Win32 crashes with large static structures
08 September 2012The background to this little incident is a last-minute work mode known as headless chicken, and is a follow-on from the previous incident with burned-out laptop drives. It is amazing how many things go wrong when loads of people are constantly dumping little problems on you, but the focus here is the technicalities of one of Windows's little gotchas.
A newly repaired server needed QA testing following modifications, so I grabbed the latest build of the software and installed it. All seemed fine apart from one small but critical in-house Windows Service, which was odd as it was a module that had not had any work done on it for months. Just to be sure I ran the project rebuild script then copied the binary manually. Same result.
Next stage was to compile the standalone command-line version of the service, and as a quick check I decided to run it on my development system. Crash. Eventually I hooked up GDB (I was using MinGW, which includes a Windows version of GDB), which told me where it was going down. Below is an approximate recreation of what i saw:
(gdb) r Starting program: D:\IPtv\testsrv.exe [New Thread 3388.0x1548] Program received signal SIGSEGV, Segmentation fault. 0x0046e816 in _alloca() (gdb) bt #0 0x0046e816 in _alloca () #1 0x0046d817 in main (argc=1, argv=0x8e1010) at win32.c:645
Of course I initially only registered main()
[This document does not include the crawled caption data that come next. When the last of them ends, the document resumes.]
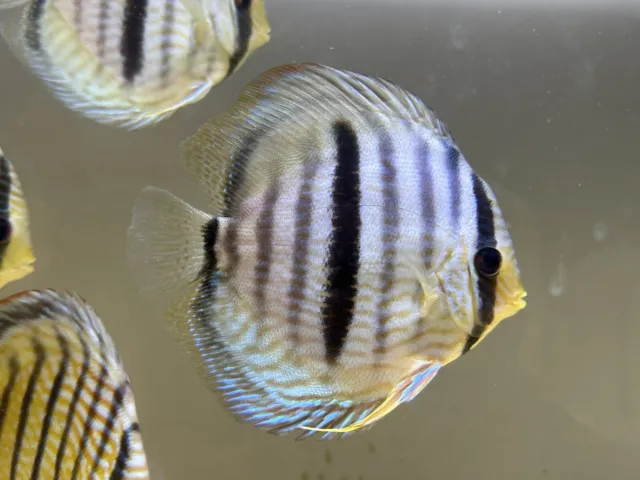 XL WC Tank Raised Blue Face Discus 6-7”-Live Freshwater Tropical Aquarium Fish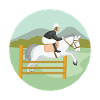 Springreiten Pferd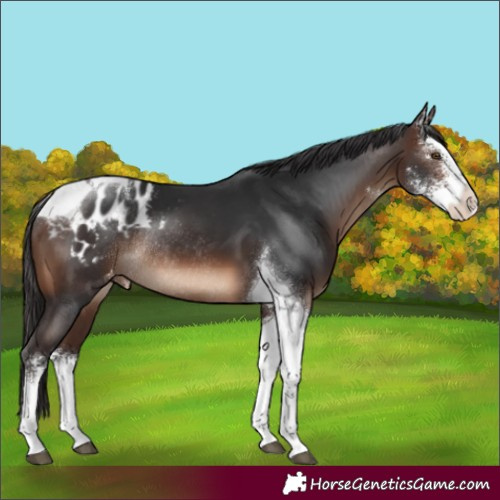 Horse Color:Brown Sabino Tobiano Blanket Rabicano
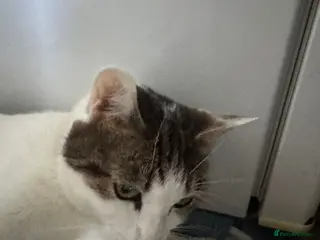 Mixed Breed cats 3 beautiful boys - Advert 1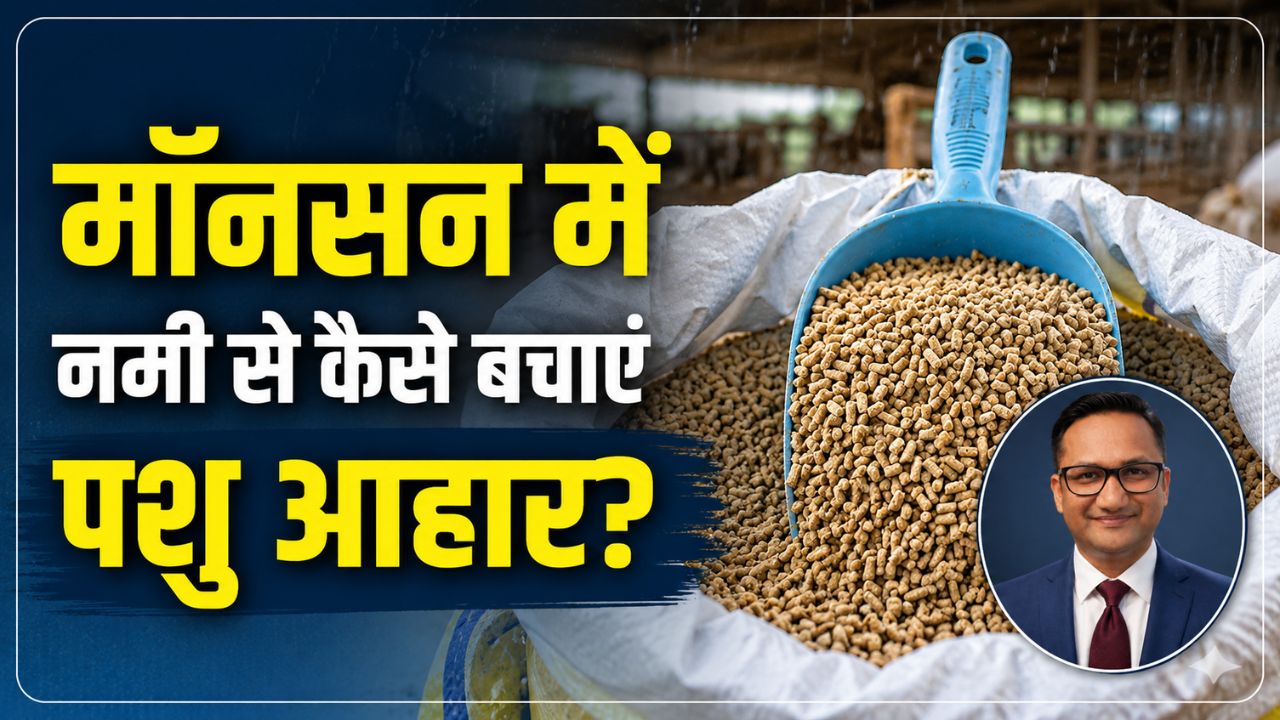 How To Keep Animal Feed Safe During Monsoon Experts Ankit Bansal Share 7 Simple Ways To Ensure The Fodder Never Spoils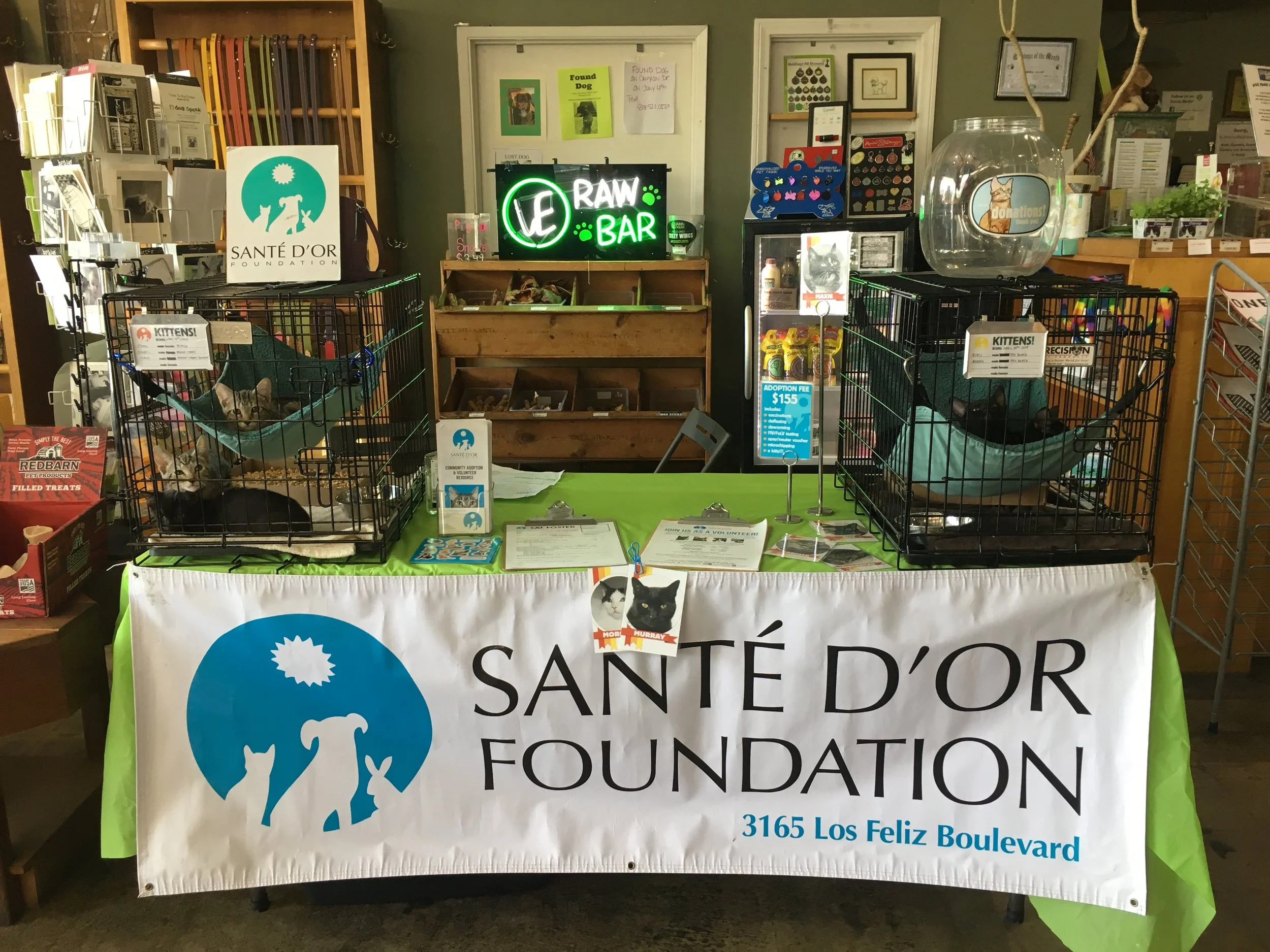 Santé D'Or Foundation - Pro-bono Event Work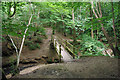 Footbridge over Waldron Gill in TN21 0XL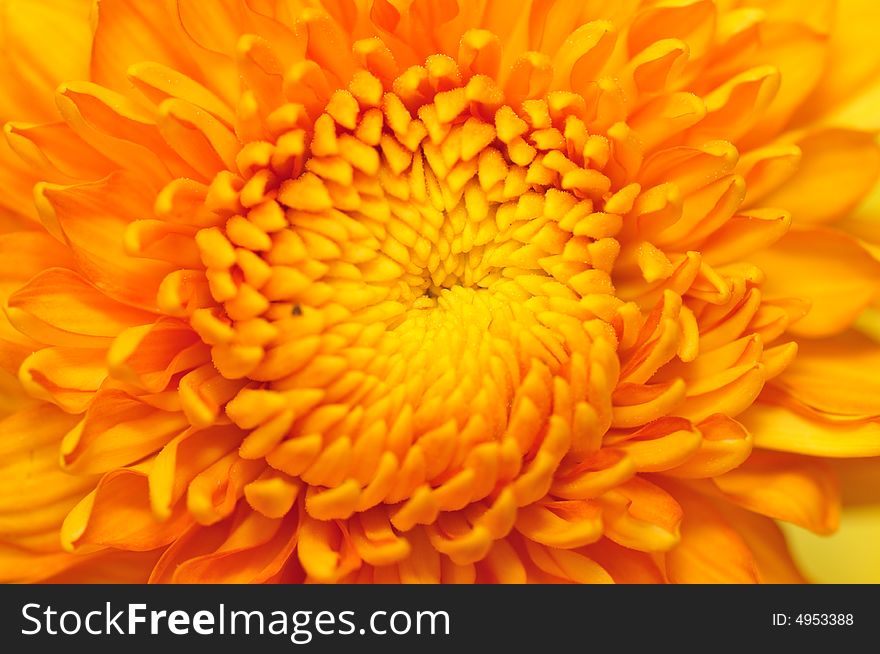 Golden Chrysanthemum Series 2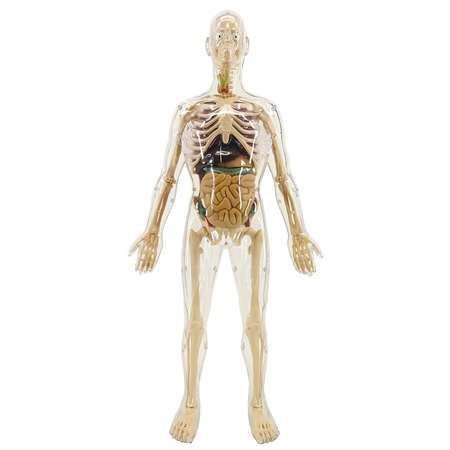 Анатомический набор EDU-TOYS органы и скелет мужчины 56см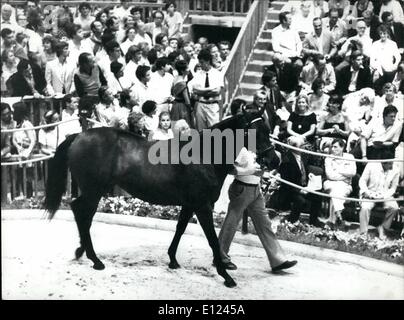 08 août 1984 - un record a été établi pour ce soir lors de ventes de yearlings M. Mohamed Al Amktoum ont acheté Miss Shirley pour 7 600 000 francs. Il est le ministre de la Défense nationale à Qatar et est actuellement le plus gros acheteur de chevaux dans le monde. Miss Shirley est considérée être présenté Banque D'Images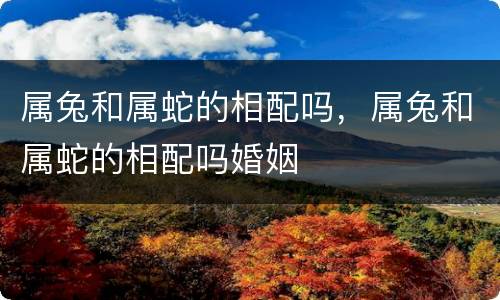 属兔和属蛇的相配吗，属兔和属蛇的相配吗婚姻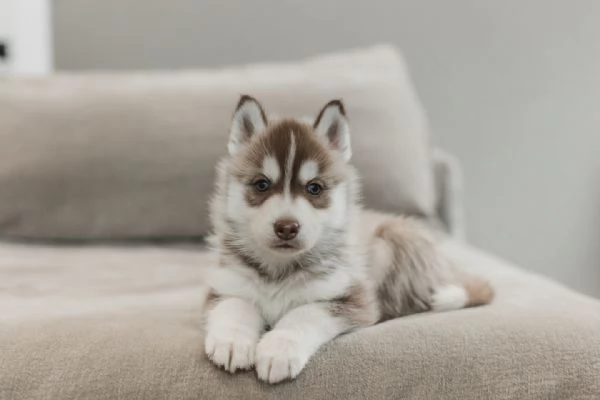 meravigliosi husky per adozione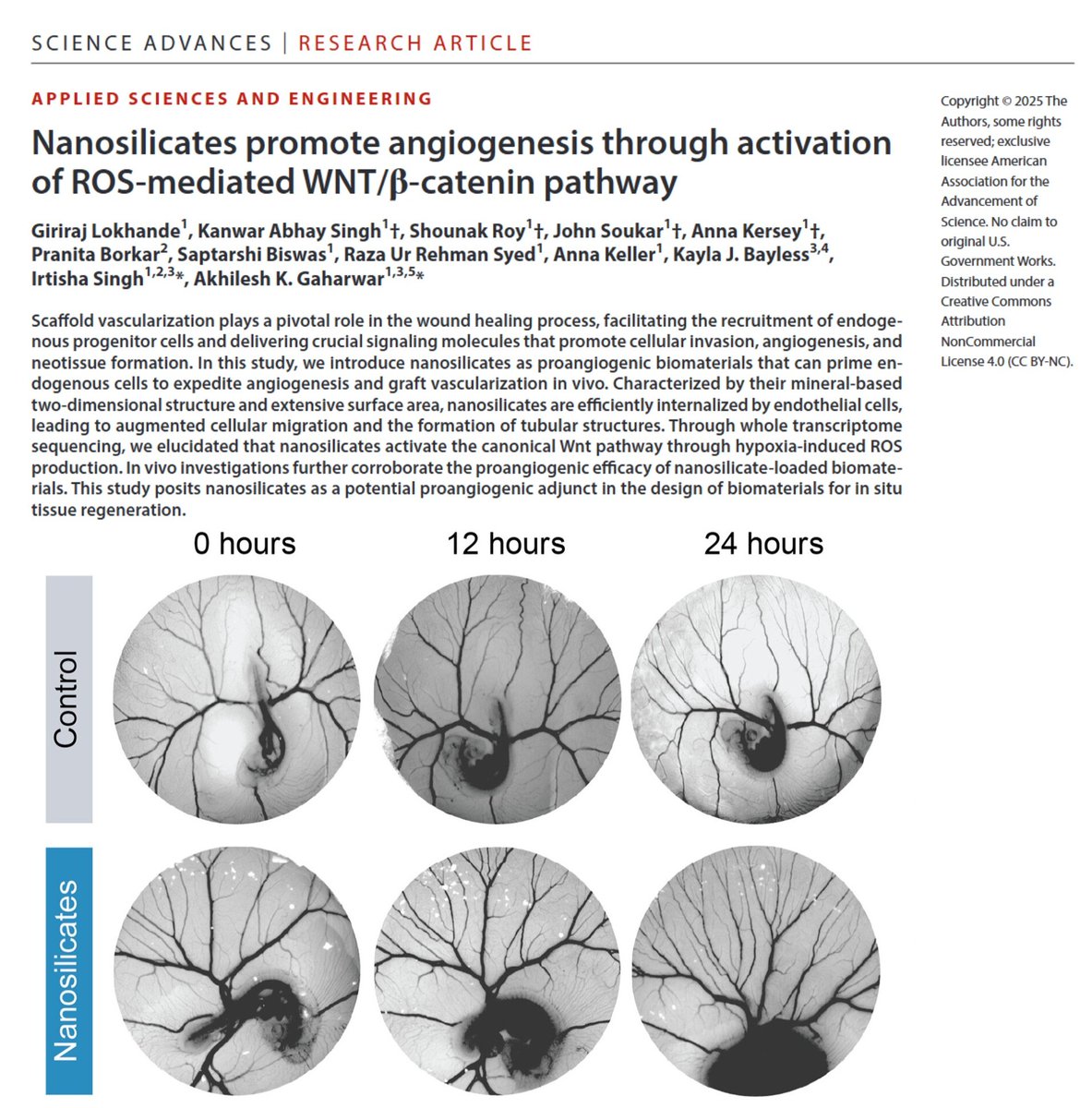 GaharwarLab's tweet image. Exciting new publication from our lab investigating pro-angiogenic properties of nanosilicates in @ScienceAdvances! Congratulations to Giriraj and coauthors! Check out the paper here: science.org/doi/epdf/10.11…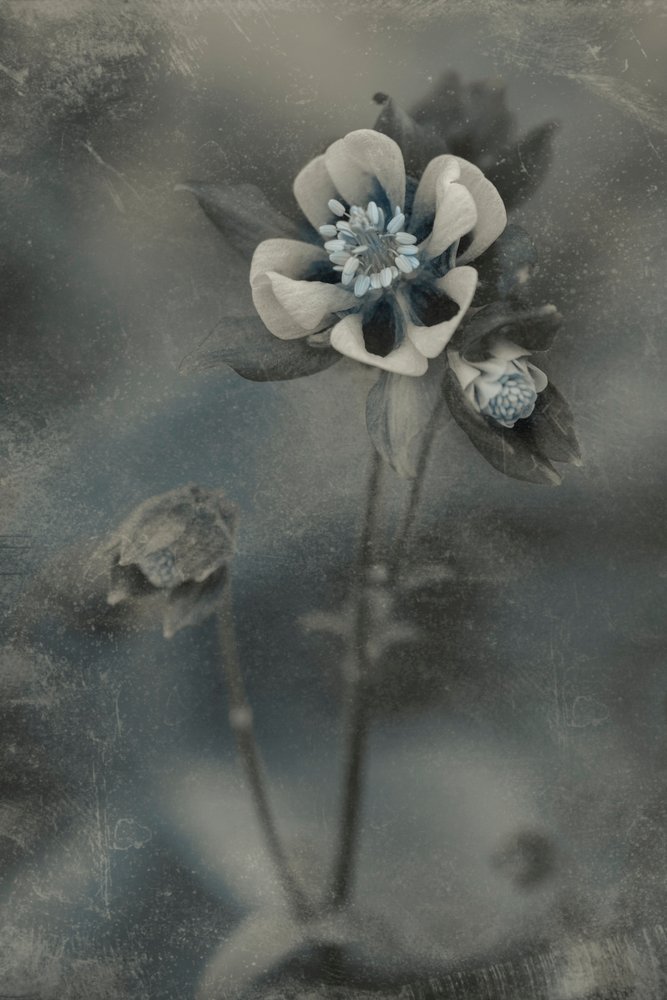 Blauwe vintagebloei door Cicek Kiral
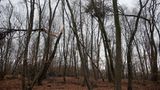 Mysteriöse Orte: Spukwald Hoia Baciu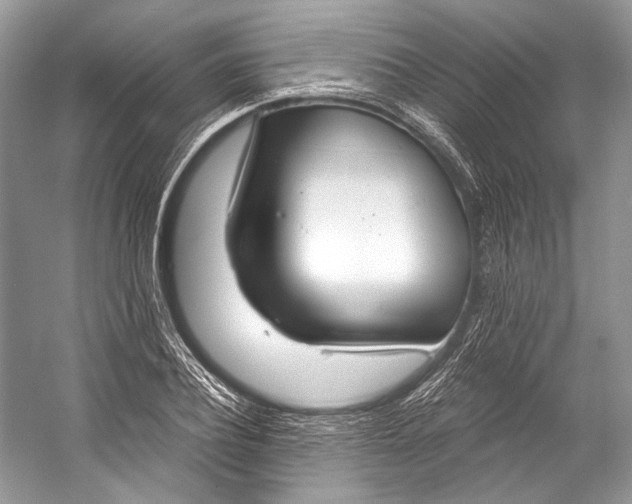 X0000058820932200510171533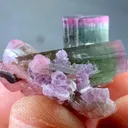 Pink Cap Tourmaline from Afghanistan - image 5
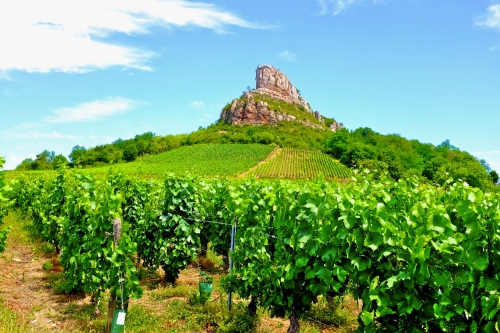 Weinberge von Solutré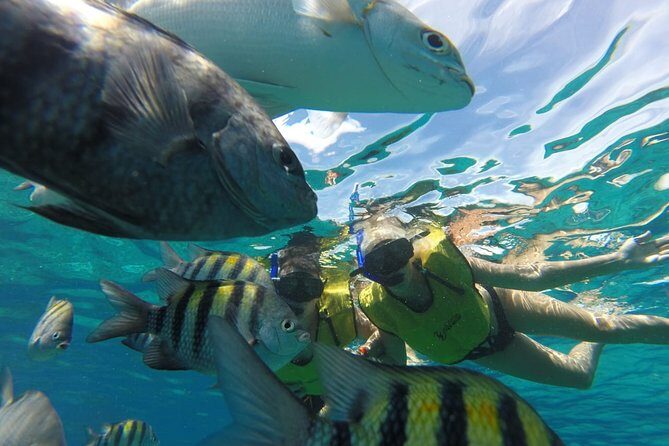 ATV Mud Kicking and Snorkeling by Boat in Cozumel - Price and value: $99.99 plus what you must budget for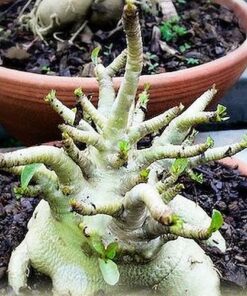 Adenium Golden Crown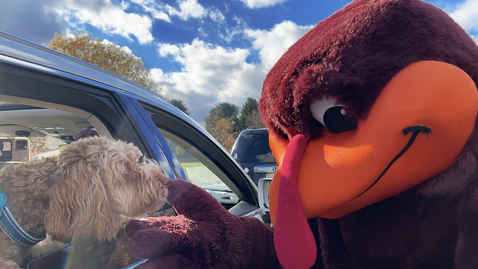Thumbnail for Virginia Tech welcomes new Hokies on campus to pick up early admissions decisions and meet the Hokie Bird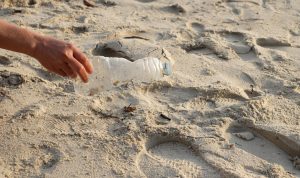 sustentabilidade shutterstock 1885358551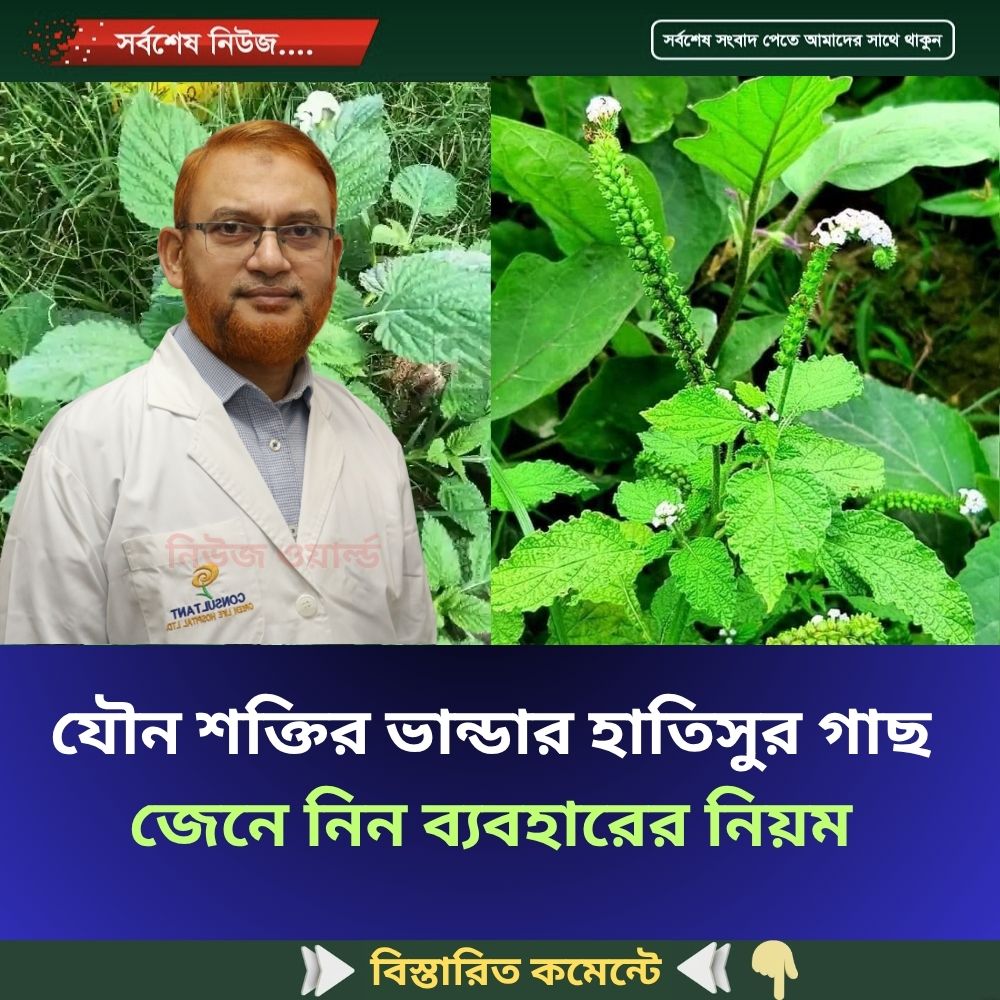 যৌ’ন শক্তির ভান্ডার হাতিসুর গাছ জেনে নিন ব্যবহারের নিয়ম
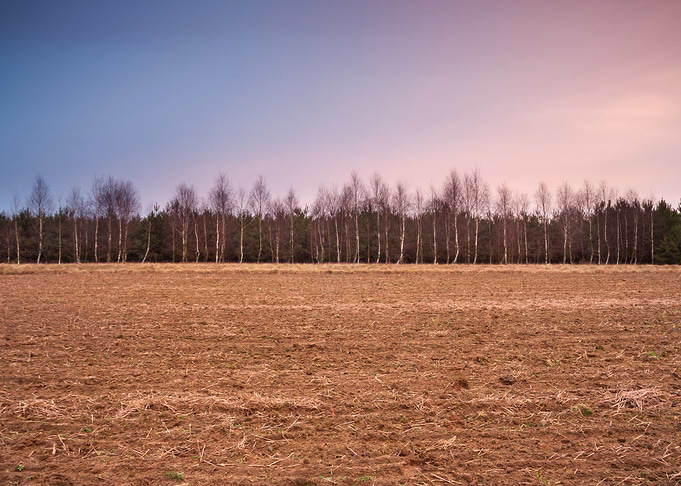 Plant Pasture Plow Plowed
, since it was only around 30 lines long. Spin forward a bit futher, and I eventually paid proper attention to which line was actually causing the crash (again, an approximate recreation):
int main(int argc, char *argv[]) { State_t usrLogins;
The alloca()
function is basically a malloc()
that allocates on the stack rather than the heap, and eventually it clicked: Recently the maximum number of users had been bumped up, and as a result the server state was around 8 megabytes in size, which Windows has difficulty with. Thankfully the solution just needed the implicit alloca()
being replaced by an explicit malloc()
.